From Walter J. Kuleck
When the U.S Army adopted the U.S. Rifle, Cal..30, M1, they were faced with a dilemma. A short-term dilemma, to be sure, but a dilemma, nonetheless. The requirement placed on John Garand to incorporate an en-block clip into his rifle design, rather than the detachable box magazine Garand had adapted hitherto, created the need for ammunition loaded into said clips.
The previous standard Service rifle, the Model of 1903 “Springfield” bolt action rifle, was loaded via five-round stripper clips of Mauser design. The millions and billions of Cal..30, Model of 1906 (.30-’06) that Chief of Staff MacArthur had cited in his rejection of Pederson’s .276 cartridge were loaded on said clips, when not loaded into cloth belts for Browning machine guns. Neither would work in a Garand.
Until ammunition suppliers began loading ammunition in en-bloc clips, the Garand was a very elaborate single-shot rifle. But keep in mind that Garand designed the M1 Rifle and designed the tooling and processes to manufacture the rifle efficiently, so it’s not surprising that he anticipated that loaded en bloc clips would be in short supply for some time after the rifle was officially adopted.
So, Garand designed a solution: the clip loader. The clip loader accepted cartridges on ’03 stripper clips, then quickly and efficiently allowed its user to strip the cartridges from the Springfield clips into Garand en-bloc clips.
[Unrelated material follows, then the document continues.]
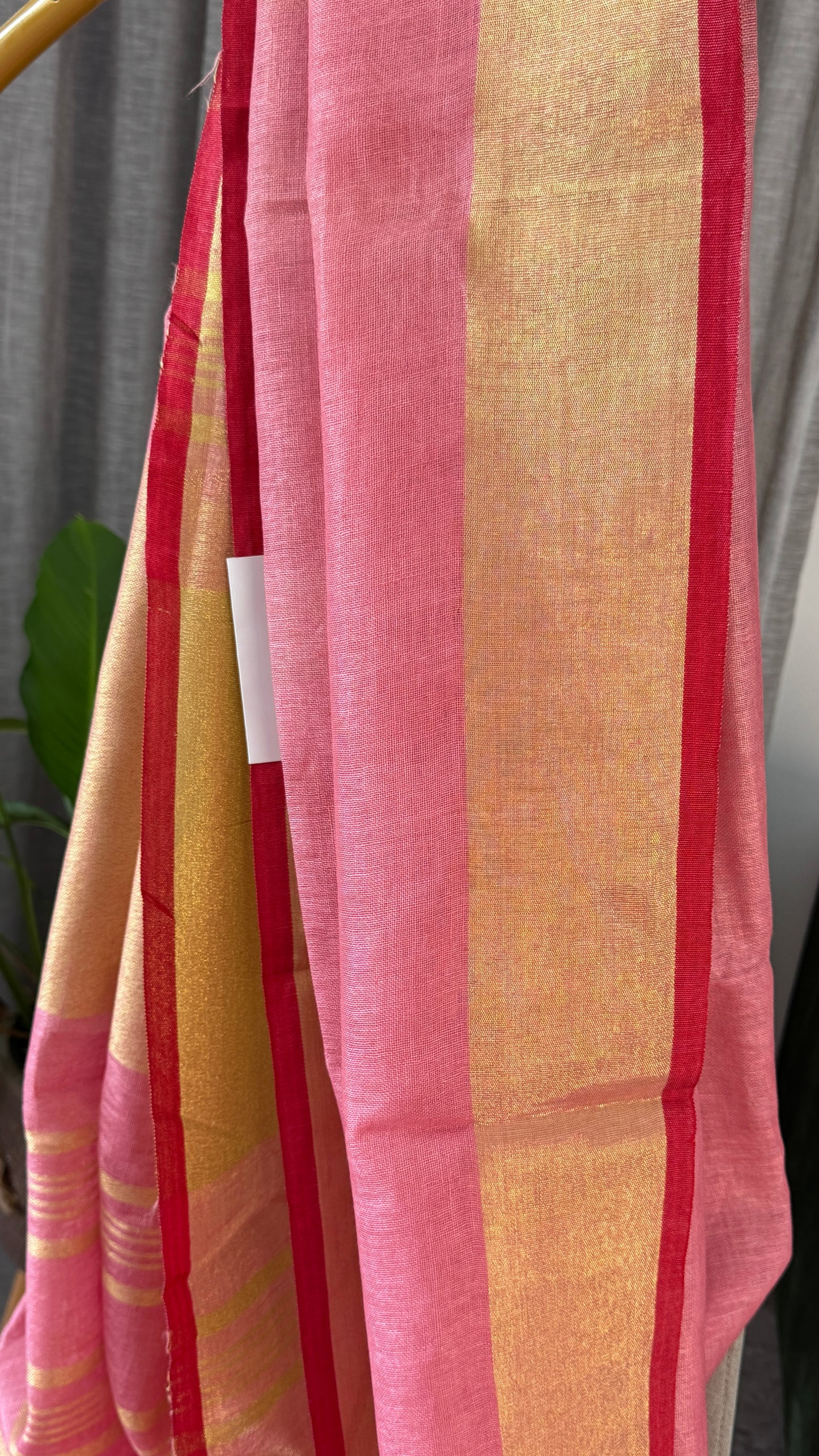 Pure Linen Saree - Pink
These clip loaders were used during the initial period of field evaluations and issue, until en-bloc-clip-loaded ammo was available
The clip loader shown here is of pre-WWII manufacture. How do we know this? The drawing number cast in the base is in C-prefix prewar format. It is lacking its stripper clip guide. However, the loader remains useful because .30-’06 ammo doesn’t come on stripper clips anymore anyway. It’s particularly handy when loading 7.62x51mm for my NATO-chambered Garands.